The Minnesota governor, a former high school teacher and football coach, also leaned into his gridiron roots during his speech. In mixing football references and politics, he noted that not only the presidency is on the line but the fate of the current Democratic-controlled U.S. Senate is dependent upon Democratic wins in his home state as well as Wisconsin and Michigan.
“This year, the Senate, the White House and the Super Bowl are all going through the NFC North. Wisconsin, Michigan, Illinois and Minnesota are going to have a lot to say with that,” Walz said of the states with teams in the NFL division.

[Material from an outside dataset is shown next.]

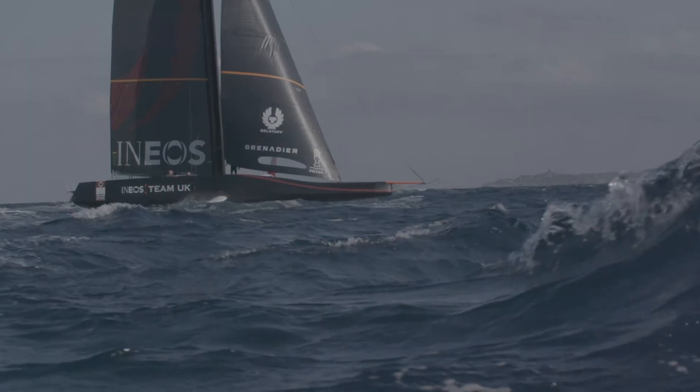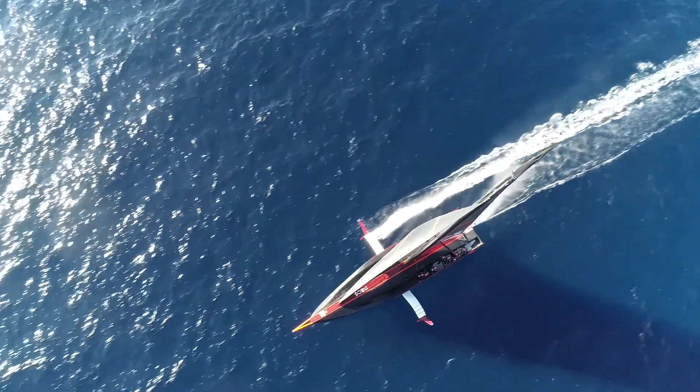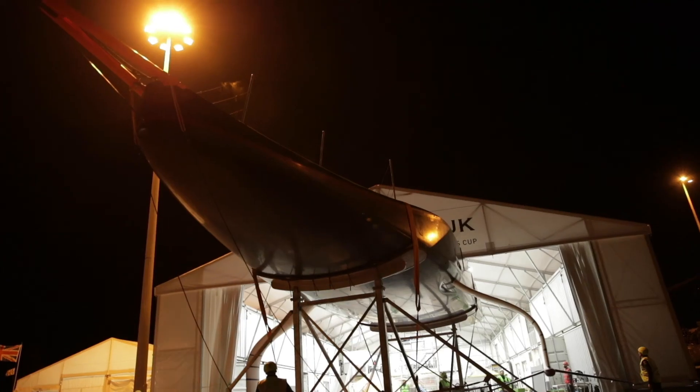My most proud moment with Britannia was probably when it first arrived in the shed and I was able to walk around underneath it, to then see it splash down on the water and go out, and then eventually take off on its foils — that was very cool. Like your little baby that you've watched through all of those stages.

Walz was alluding to the reelection bids of U.S. Sens. Amy Klobuchar of Minnesota, Tammy Baldwin of Wisconsin and U.S. Rep. Elissa Slotkin’s bid to replace retiring Sen. Debbie Stabenow of Michigan. Illinois does not have a Senate seat up for election this year.
“You know what’s at stake here, and so I would just tell all of you, please know that the resources you’re providing have made sure that those community offices in Wisconsin, those over 300 paid staffers are there to organize the tens of 1000s of volunteers,” he said, before transitioning to swing states in the South. “And look, it’s anecdotal at this point in time, but the hard work in Georgia, I don’t think it’s by mistake that Georgia and North Carolina early voting has set records.”
Walz spoke for about 10 minutes Saturday afternoon at a fundraiser for the Harris Victory Fund at the Park Hyatt Chicago off North Michigan Avenue. The victory fund is a joint fundraising committee for the presidential ticket of Vice President Kamala Harris and Walz, along with nearly two dozen state Democratic committees, including Illinois. No estimate of dollars raised was immediately available. After his Chicago visit, Walz was scheduled to head to Michigan.
Among those attending were Mayor Brandon Johnson, senior U.S. Sen. Dick Durbin and a few members of Congress.
“We’re going to win the electoral votes that come from this state,” Walz said of Illinois, which has voted Democratic for president since 1992 and twice voted against Trump by 17 percentage points in 2016 and 2020. “But what you come here today (and) understand is that we need to win in Wisconsin. We need to win in Michigan. We need to win Pennsylvania. We will win North Carolina.”
“You’re here because you believe in the promise of America, because we love this country, and you are doing everything in your power to make sure that we fulfill the promise of this country, which we will do,” he said.
Walz, who has lately amped up publicly questioning Trump’s fitness for president by discussing his age and stamina, said, “It’s pretty clear the tired, divisive and old rhetoric of Donald Trump matches the tired, divisive and old Donald Trump.” He added the former Republican president is “unfit for the goodness of what this country can be.”
Walz said the Democratic ticket was the underdog in the race and predicted a close outcome of the Nov. 5 election.
“That’s the way our country is,” he said, contending younger people are particularly disinterested in voting because they have “witnessed nine years of just pure hell of politics.”
“I can hear that from some people. Look, I’m just not into politics. The answer to that is: Too damn bad. Politics is into you,” Walz said. “The policies we’re advocating for, I think everybody in this room knows, will far outstrip and benefit the folks who think Donald Trump’s for them.”
He also recounted Trump’s effort to overturn the 2020 results in Georgia, where the former president pleaded with the state’s top election official to “find 11,780 votes.”
“How perfect would the universe align if we win Georgia by one vote and it was Jimmy Carter’s vote?” Walz said of the 100-year-old former president who fulfilled a wish to live long enough to cast an early ballot for the Democratic ticket.